I residenti di via Jovine chiedono di sistemare l’illuminazione
L’AQUILA. «I numerosi furti avvenuti nel quartiere di San Giacomo non hanno risparmiato via Francesco Jovine. Gli atti criminosi sono facilitati dall'assenza di qualsiasi fonte d'illuminazione che determina condizioni di sicurezza ridotte sia di notte che all'imbrunire». Lo segnala una residente, Paola Bartolomucci, la quale si fa portavoce anche di altra gente che abita da quelle parti. «Numerosi i furti», spiega nella sua lettera, «nelle abitazioni avvenuti nel tempo con una recrudescenza in queste ultime settimane.
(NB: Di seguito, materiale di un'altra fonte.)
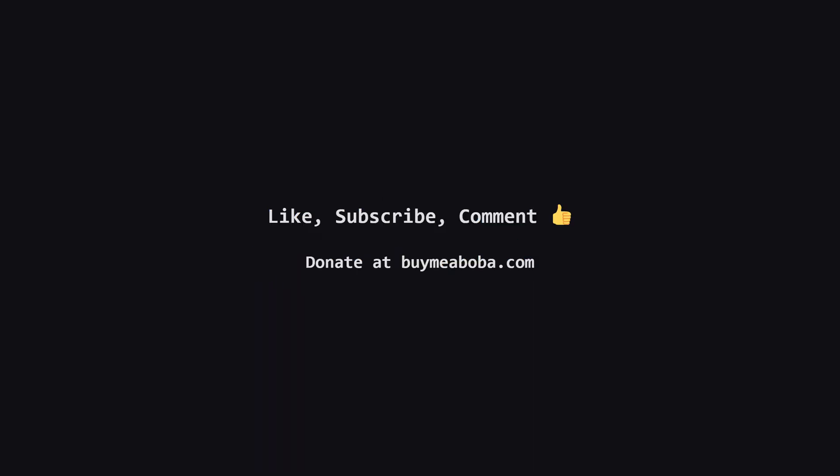Hope that breakdown made sense. If it helped you understand the solution, please give that like button a click, and maybe subscribe for more explanations. If you have a different way to solve it, I'd love to hear about it in the comments. And hey, if you're feeling generous, there's always the Boba Fund. Keep coding, and I'll catch you in the next one.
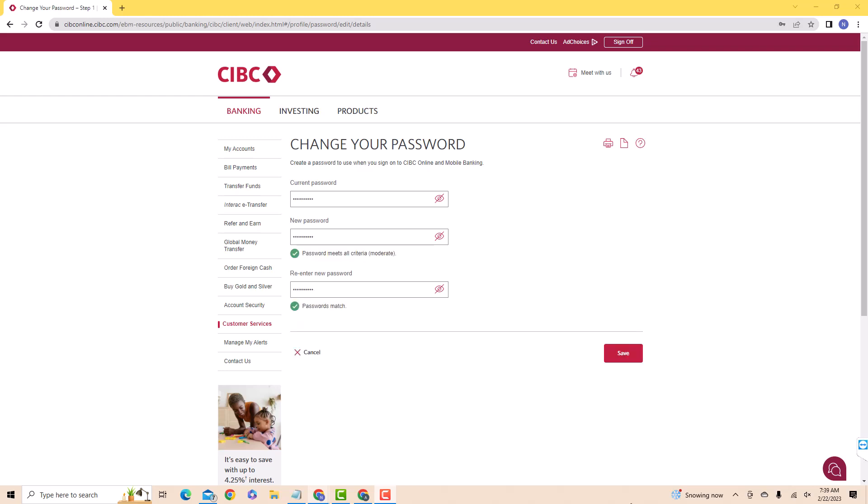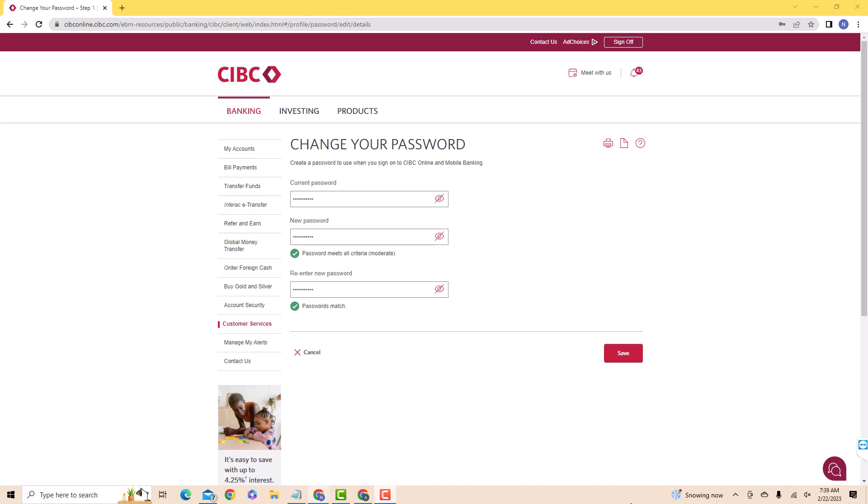After entering, click on save. That's how you change your CIBC online account password.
Ci sono, di fatto, 400 metri di abbandono notturno, una strada che collega le abitazioni con la fermata dell'autobus diretto verso il centro della città, che giovani e anziani sono costretti a percorrere al buio fin dal tramonto». «Lungo tale via inoltre», si legge ancora nella nota,« sono stati frequenti gli assalti dei cani randagi. Quale occasione migliore, in occasione delle iniziative contro la violenza sulle donne, di parlare di meno e fare più fatti?». «Il primo deterrente per le aggressioni a persone e furti abitazioni», conclude, «è avere almeno una congrua illuminazione. Chiedo troppo nel terzo millennio?». Fin qui la protesta di San Giacomo. Ma anche altri quartieri hanno simili problemi.